White might seem like it should be the safest colour, however, studies have shown that white cars are very common and the fact they are common can affect the way they stand out. Or rather, not stand out. White is still regarded as a very safe option as it can be seen more clearly in low-light conditions and it's a straight contrast against the black road. It's not number one here though as it can be difficult to see in pouring rain during the day and in fog during the day.
Orange is no doubt a very bright colour, but it's also not seen in surrounding areas on the roads - unless you live in the Australian outback. Not all vehicle manufacturers will offer an orange colour, which does make it very hard to obtain, but it is one of the top safest colours you can go for, with some statistics suggest it as the safest of all.
Gold is bright and shiny, which means it stands out during the day. It's also good at reflecting light during the night and provides good contrast with the black road. Like silver above though, it can be difficult to see in really heavy rain, with some headlights giving off a gold-ish tinge against the water spray.
Cream might be a somewhat boring colour but it is quite safe. It provides good contrast against the road and it's relatively bright during the night. Due to its soft-on-the-eye nature though there is a chance you could miss it. During rainy conditions it's also easily clouded over.
Pink is a very safe colour for obvious reasons; it stands out. Not many motorists or pedestrians will mistake a pink vehicle as invisible or as something else. To be a safe colour it needs to separate itself from the surrounds. Since not many objects on and around roads are pink, it is an excellent colour. The only problem is you have to live with a pink car, which might be hard for some people.

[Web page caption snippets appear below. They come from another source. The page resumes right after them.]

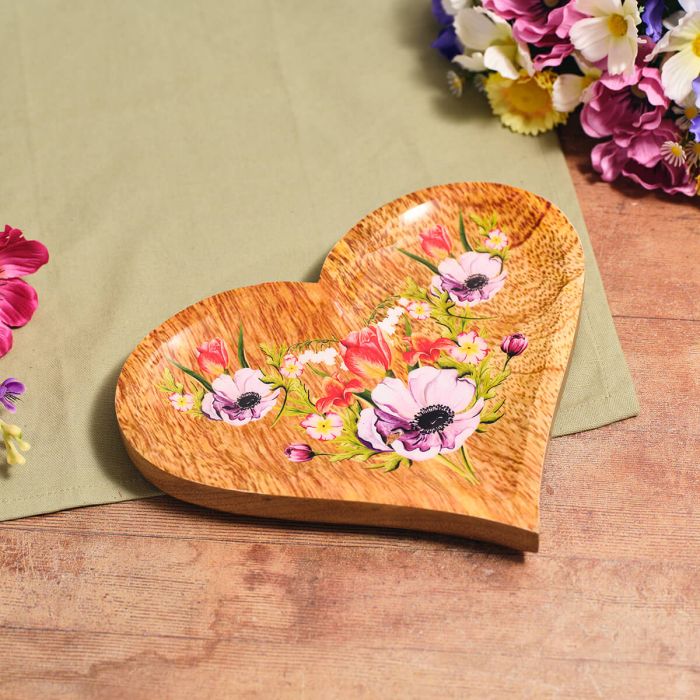 Floral Serenade Mango Wood Heart Plate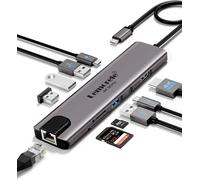 Conception Aluminium Station d'accueil Hub USB-C Adaptateur 11 en 1 avec HDMI 4K@60Hz, Gigabit Ethernet, PD 100W, 4X USB-A, Port USB-C, Carte SD/TF pour MacBook/Windows/Switch/Steam Deck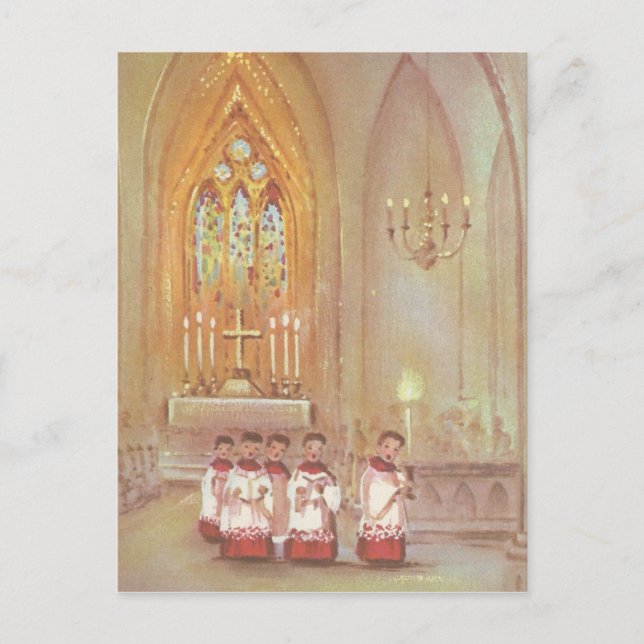 Vintage jul Choir Helg Vykort (Framsida)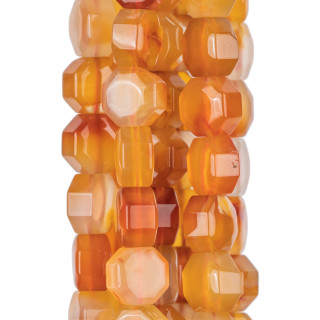 Cornaline Rouge Multicolore Octogone Plat 11mm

Silver is statistically the most popular colour buyers are going for these days, in terms of private new vehicle sales (not including fleet sales). It is a safe colour as it's bright and stands out in low-light conditions. However, in rainy conditions the colour can blend in very well, making it hard to see. For all other other occasions silver is safe. It's also one of the best colours for resale value.
Green is a bit like red. There are lots of surrounding objects that are green; the green traffic lights, bus stops and some street lights, and fences are fairly common in green. Out in the suburbs there's lots of green grass to content with as well. This means contrast isn't as high as it is with the brighter colour options as mentioned below.
Red is the fastest colour around, obviously, but it's not necessarily the safest. Red can become tangled in the surrounding colours on the street, with traffic lights, brake lights, and various road signs incorporating various shades of red. It does stand out, even in rainy or foggy conditions, however, at night it's not bright enough to light up. It is considered a safe colour, just not as safe as the other options.
Blue is the next safest colour after grey, which means it's not all that safe. Blue tends to blend in with the sky during the day, and it doesn't provide much contrast against the black tarmac. At night it can come across as black if it's a mid-range (or darker) shade of blue.